Sunday, July 8, 2018

Schott's Book Review: All The Dreams We've Dreamed: A Story of Hoops and Handguns on Chicago's West Side

(Photo by Jason Schott/Daly Dose Of Hoops)

By Jason Schott (@JESchott19)

All the Dreams We've Dreamed: A Story of Hoops and Handguns on Chicago's West Side
By Rus Bradburd
Chicago Review Press, 288 pages, $26.99

As a graduate of Marshall High School and a former member of its storied men's basketball team, Shawn Harrington was excited to return to the school, located in Chicago's Garfield Park neighborhood, as an assistant coach.

Harrington was a talented point guard while a student at Marshall, and appeared in the iconic basketball documentary film "Hoop Dreams." His mother had dreamed of getting Shawn "far away from Chicago" and its gangs and gun violence. When he received a scholarship to play college ball at New Mexico State, it seemed he was well on his way to beating the odds of his circumstances.

The birth of his daughter brought him back to Chicago, and Shawn found a way to return to the school and pay it forward in his role as an assistant coach.

In January of 2014, Marshall’s struggling team was about to improve after the addition of a charismatic but troubled player. Everything changed, however, when two young men opened fire on Harrington’s car as he drove his daughter to school. Using his body to shield her, Harrington was struck and paralyzed.

The mistaken-identity shooting was followed by a series of events that had a devastating impact on Harrington and Marshall’s basketball family. Over the next three years, as a shocking number of players were murdered, it became obvious that the dream of the game providing a better life had nearly dissolved.

All the Dreams We've Dreamed is a true story of courage, endurance, and friendship in one of America's most violent neighborhoods.

Author Rus Bradburd, who coached Chicago high schools and 14 years in college at UTEP and New Mexico State, has an intimate forty-year relationship to Chicago basketball and a longstanding friendship with Shawn Harrington.

Bradburd tells Shawn’s story with empathy and care, exploring the intertwined tragedies of gun violence, health care failure, racial assumptions, struggling educational systems, union apathy, corruption in athletics—and the hope that can survive them all.

Shawn Harrington, the subject of All The Dreams We've Dreamed. (Photo by Jason Schott/Daly Dose Of Hoops)

Here, Bradburd writes of visiting his mother while recruiting him to play for New Mexico State, "I had an appointment to visit Frinda Harrington, Shawn's mother, later that day. When I met him the next week in Missouri, I could use all this as leverage, emphasize that I was the first one principled enough to spend time with his mother and high school coach."

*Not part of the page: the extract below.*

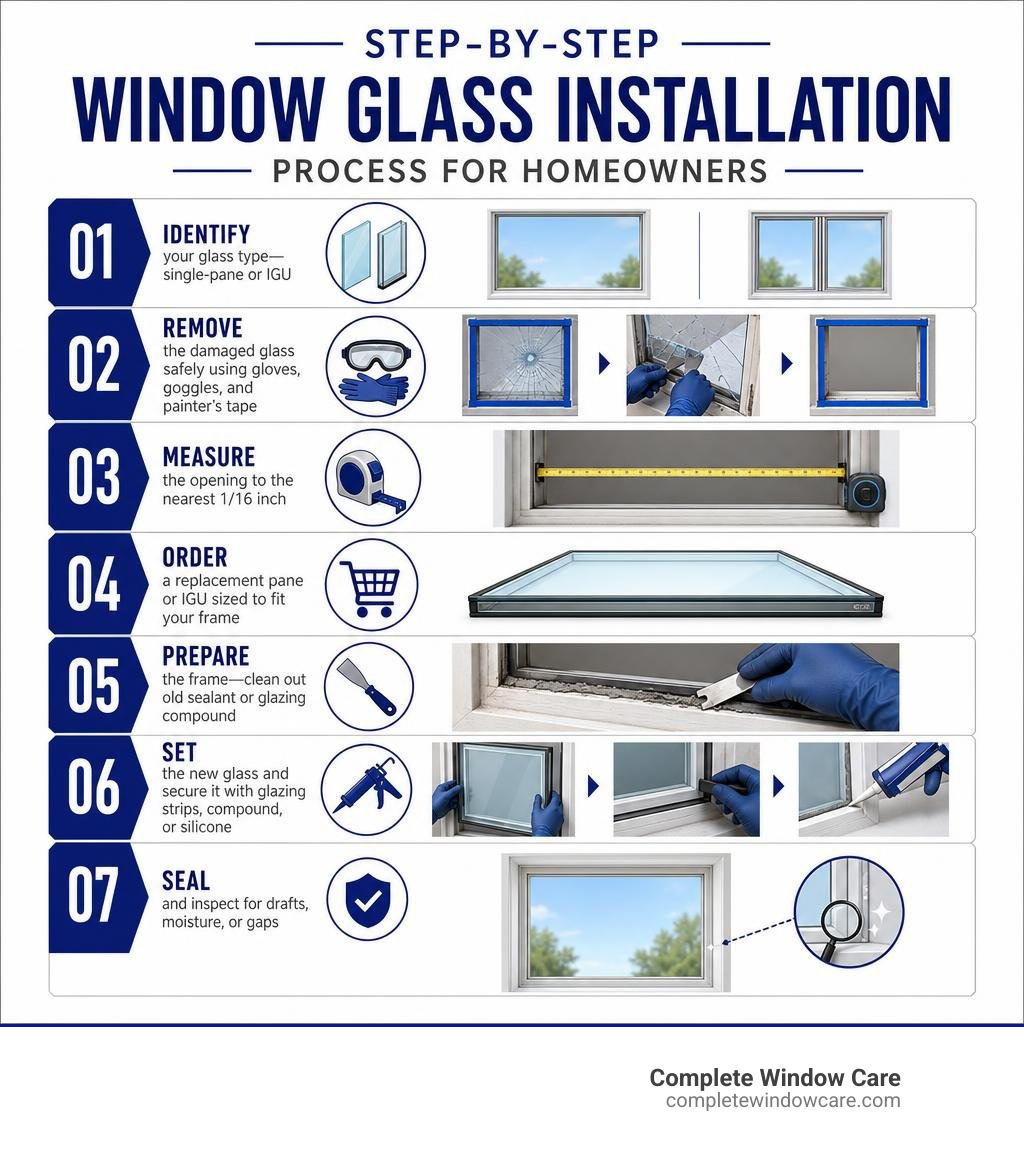Step-by-step window glass installation process infographic for homeowners infographic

"Frinda Harrington lived on the block of 1100 North Kendrick, in an area known unofficially as K-Town because of the street names: Kildare, Keeler, Karlov, Kilbourn. Technically, the block is now considered West Humboldt Park, but it sits near the border of three other neighborhoods: West Garfield Park, East Garfield Park, and Humboldt Park. Real estate agents rename neighborhoods for their own benefit, so parsing out the boundaries can be confusing. Shawn says nobody ever called it anything but Garfield Park or just the West Side. Much of the area is known for its poverty and violence (and exceptional basketball) but the Harrington's block was relatively stable."

"Shawn was Frinda's only child. She was also a Marshall graduate, and his closest relatives had gone to Marshall as well, which still had around twenty-five hundred students when his mother graduated. So deep was Shawn's connection to the school that he had actually been there before he was born. Frinda was pregnant as a senior."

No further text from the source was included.